* TASK PROMPT
Write every line of the material again exactly, with no pictures in the copy.

* DATA EXCERPT

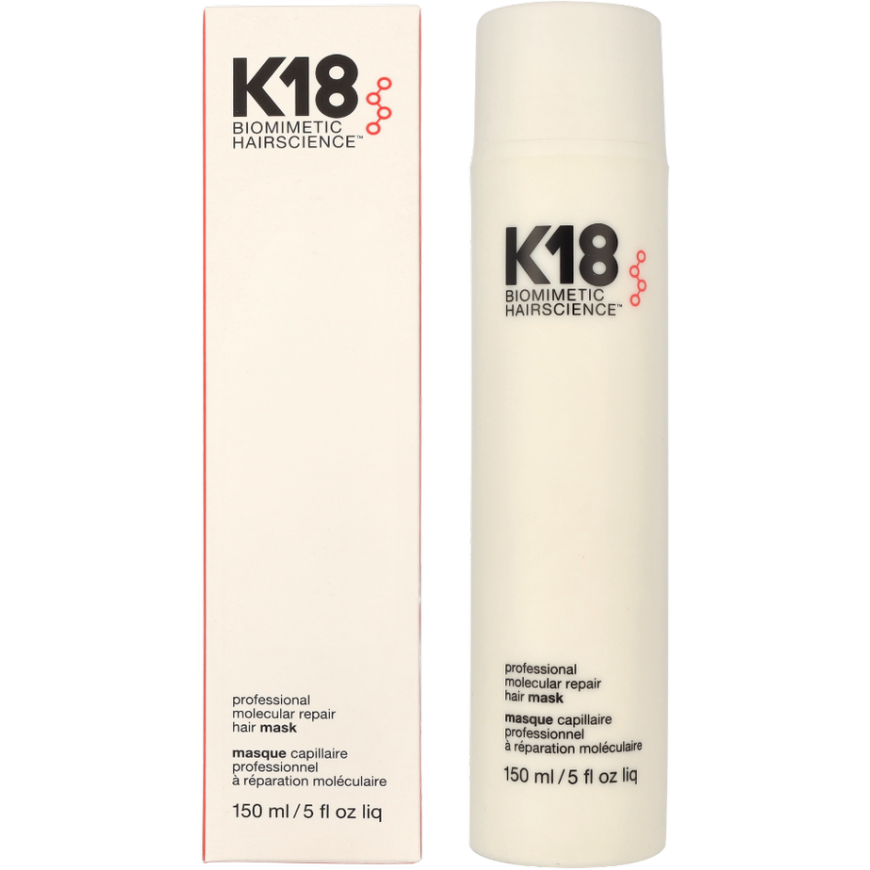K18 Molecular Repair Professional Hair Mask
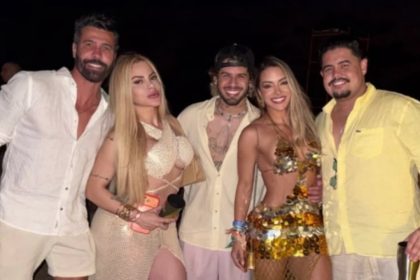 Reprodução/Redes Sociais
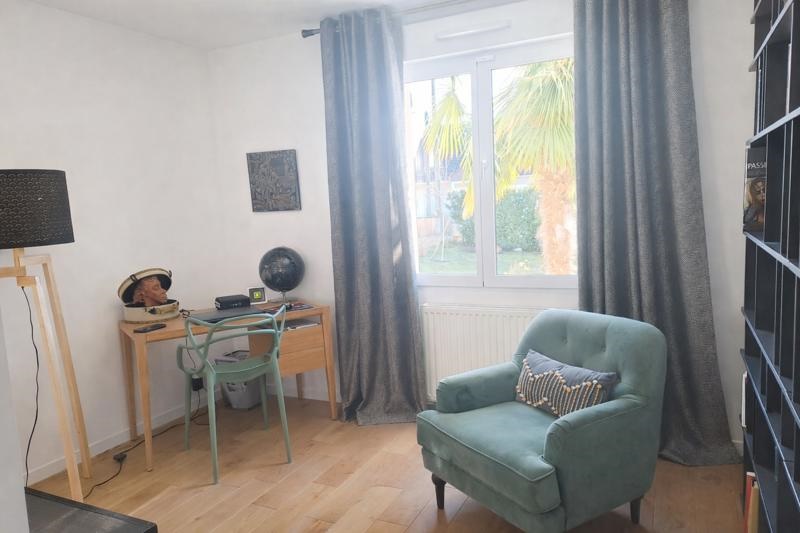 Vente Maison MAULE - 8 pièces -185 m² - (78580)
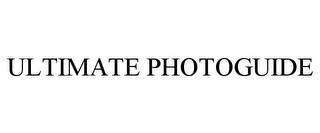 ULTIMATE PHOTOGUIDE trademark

* RESPONSE AREA
K18 Molecular Repair Professional Hair Mask
 Reprodução/Redes Sociais
 Vente Maison MAULE - 8 pièces -185 m² - (78580)
 ULTIMATE PHOTOGUIDE trademark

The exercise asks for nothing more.